Bonjour à tous et toutes !
J'espère que vous n'avez pas tous fui au vu de ma longue et interminable absence... Voici enfin la fin de cette courte fiction, écrite depuis un bon moment d'ailleurs mais je voulais me laisser la possibilité de retoucher l'ensemble le cas échéant. Mais comme je n'imagine pas les choses autrement, j'ai décidé de vous livrer la fin. C'est volontairement court, je vous laisse comme ça la possibilité d'imaginer l'avenir de nos deux protagonistes.
Je vais essayer de répondre à toutes vos gentilles reviews restées en attente, je vous dois bien ça.
Bisous à toutes (et tous, s'il y a)
Anne.
(Et pour ceux qui liraient Shattered Dawn, la fin approche. Un nouveau projet est également dans mes cartons, mais il s'agit d'un crossover avec l'univers de Vampire Diaries !)

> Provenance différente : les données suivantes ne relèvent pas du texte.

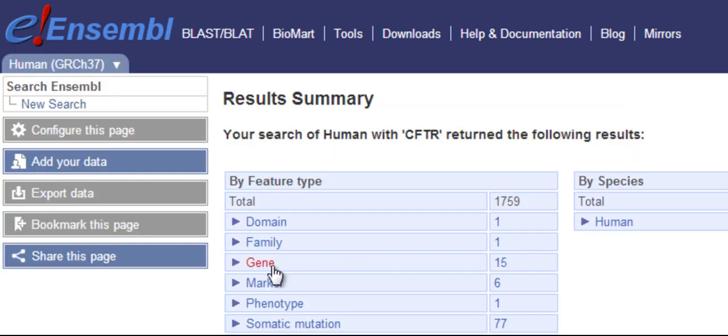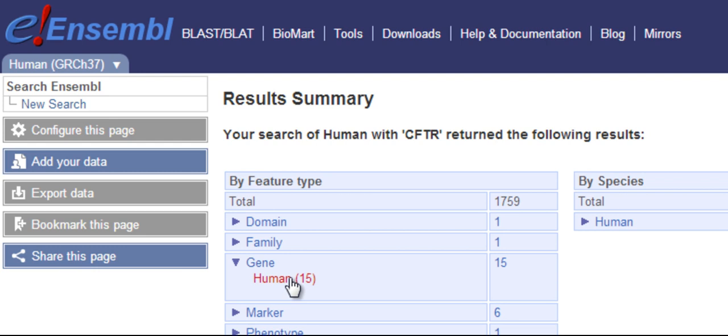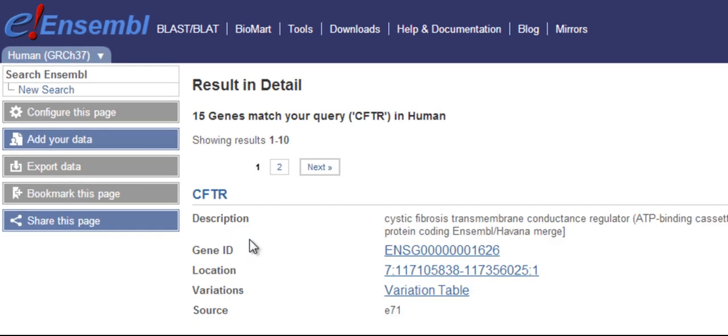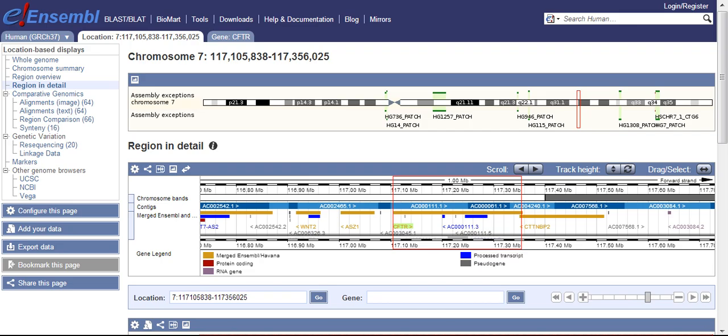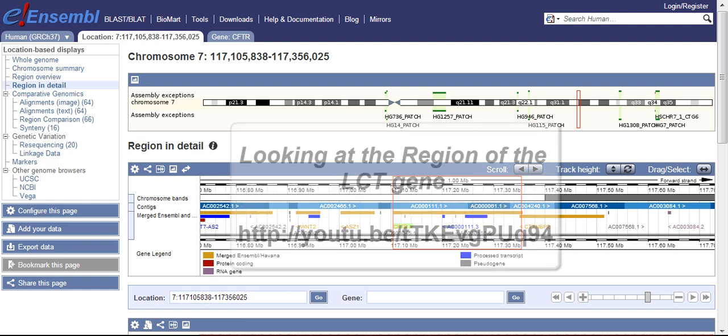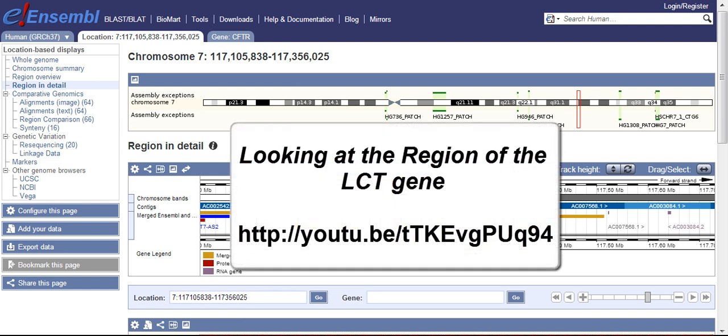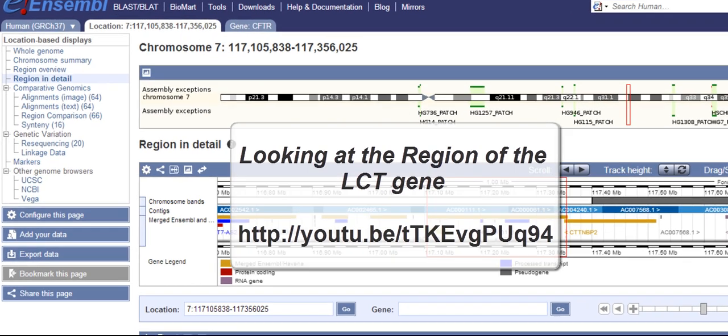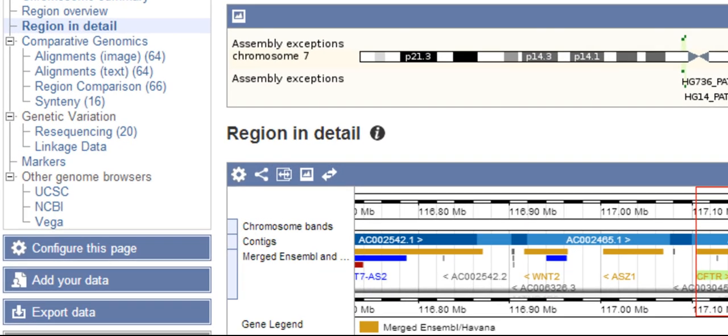Expand Gene, Human. I'm going to go straight to the location. The region in detail allows us to view data along the genome. Learn more about this page by watching this video. To add regulation data, go to Configure this page.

"God knows one day you finally see,
That scars will heal but were meant to bleed"
(Hollywood Undead – Believe)
Quand Isabella s'éveilla le lendemain, la jeune fille remarqua immédiatement qu'elle n'était pas dans la maison de son père. Elle détailla rapidement son environnement. Un petit salon aux murs blancs, meublé simplement et avec des éléments récupérés à droite et à gauche. Un canapé en cuir qui semblait avoir vécu de nombreuses vies déjà, un fauteuil en velours vert bouteille qui se décousait par endroits et une table basse en verre sur laquelle trônait un antique téléviseur. Elle ne se trouvait pas chez les Black, ni chez Sam et Emily. Il ne restait donc que Paul. Qui plus est, par la fenêtre, Bella reconnaissait sans mal le paysage de la réserve. L'espace d'un instant, elle paniqua. Comment était-elle arrivée jusqu'ici ?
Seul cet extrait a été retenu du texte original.